The last time I went down there to his new house (a couple of years ago), it wasn’t even close to being finished.  This time, it still wasn’t, but at least it’s getting there.  I recall the last time I saw him — it was just before I was about to leave for the UK.  At that time I hadn’t decided writing was what I wanted to do, but by then I already had a keen interest in it (and was secretly plotting my escape from the law).  Even back then, we talked a little about writing and what it was like to be a part-time writer (he did have a full-time day job).  The only thing I came away with was that it’s very very hard.

This time, things were different.  I had finally made the decision to give the writing a serious go, and our conversation naturally gravitated towards that.  Over a long lunch, dessert and tea, we talked about what it was like to be a writer and how to become one.  These are some of the pointers I took away from that day.

Write what you know

He said it was important for a fiction writer, especially writers just starting out, to write about what they know.  By this I don’t mean writing narrative non-fiction or anything like that.  It means using your life’s experiences and things that you know about to form the foundation of your story.

Fiction, naturally, is about making stuff up.  But it helps to start off with something you are familiar with and branch off from there.  It’s doesn’t even have to be something you have experienced personally.  It can be something you read in the paper or a story you heard from a relative or friend that you thought was interesting.  Steal bits and pieces here and there to create your own reality.

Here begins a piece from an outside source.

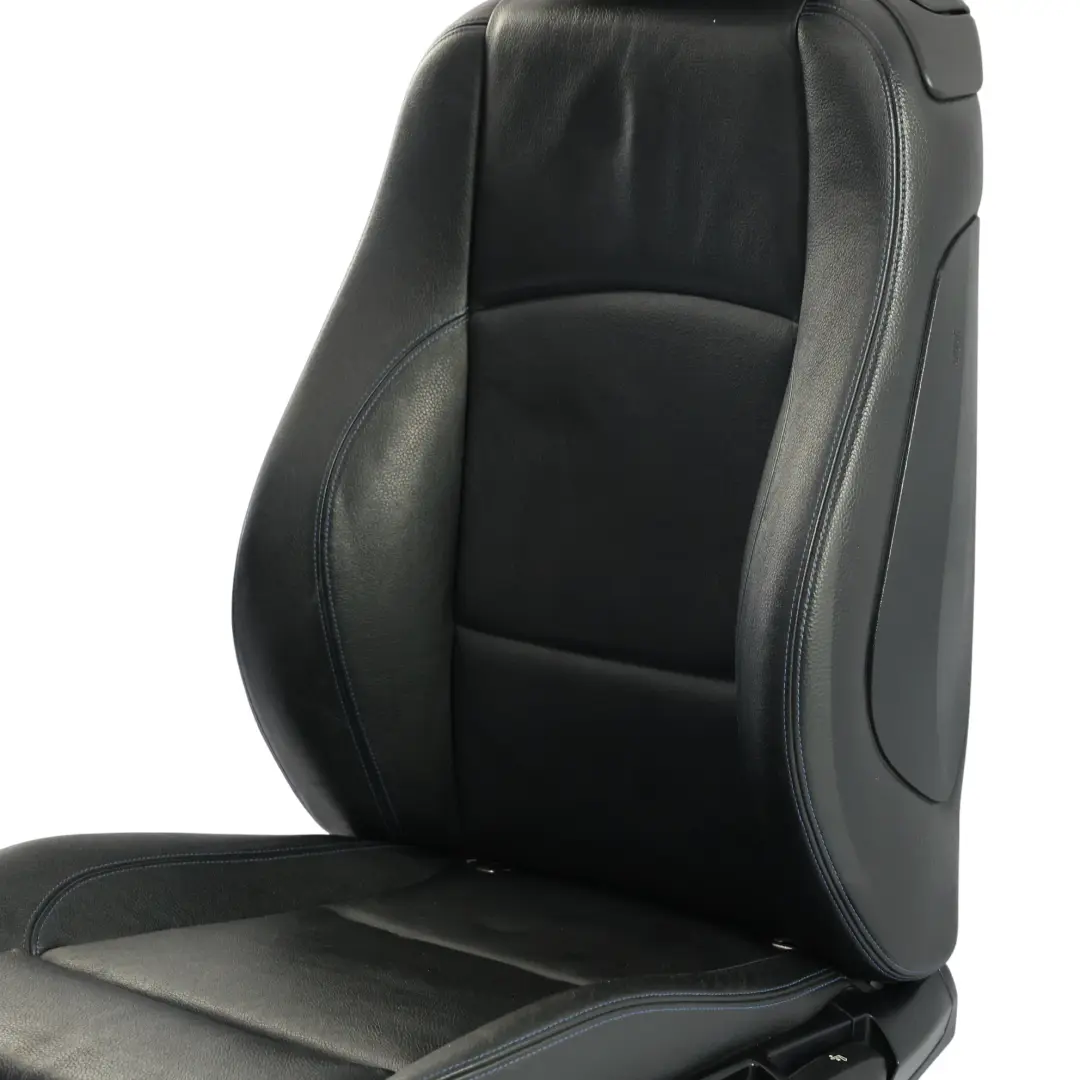 Siège avant gauche chauffant cuir Boston Black Blue pour BMW E88 Convertible M Sport à propos du numéro de pièce 8053969 BMW E88 Convertible M Sport Siège avant gauche chauffant cuir Boston Black Blue - SKU 8053969-1 - Numéro de pièce 8053969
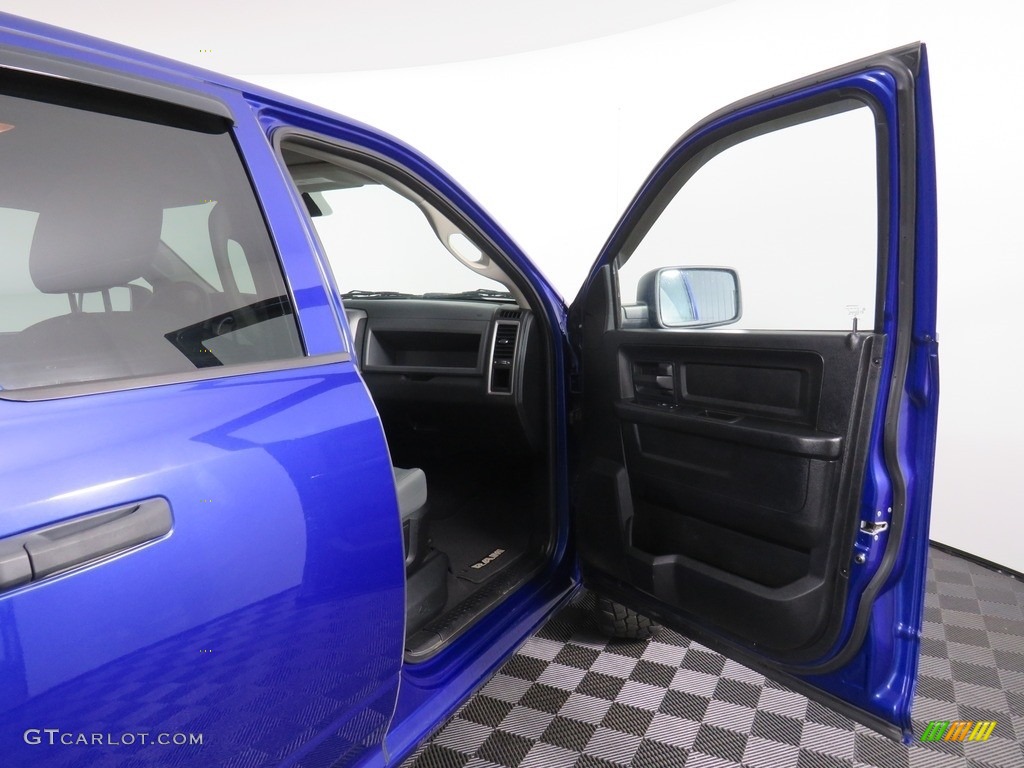 2014 1500 Express Quad Cab 4x4 - Blue Streak Pearl Coat / Black/Diesel Gray photo #36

Sounded like good advice to me.  The problem is, I always feel like my life experiences and knowledge of the world are somewhat limited.  I was fascinated to learn that he has held dozens of jobs throughout his life and had plenty of amazing experiences as a youngster.  For example, he travelled to Europe as a twenty-something kid.  With hardly any money in his pockets, he purchased a bike and rode it from Paris through Belgium and Germany all the way up to the Netherlands.  He relied on a book that taught him how to live off a pound a day and slept wherever he ended up for the day.  Of course, it was a different era back then, but I could only imagine the type of things he would have seen, the people he would have encountered.  Similarly, when both his parents passed away, he travelled to India to get a better perspective on life, and came back realising just how lucky he was.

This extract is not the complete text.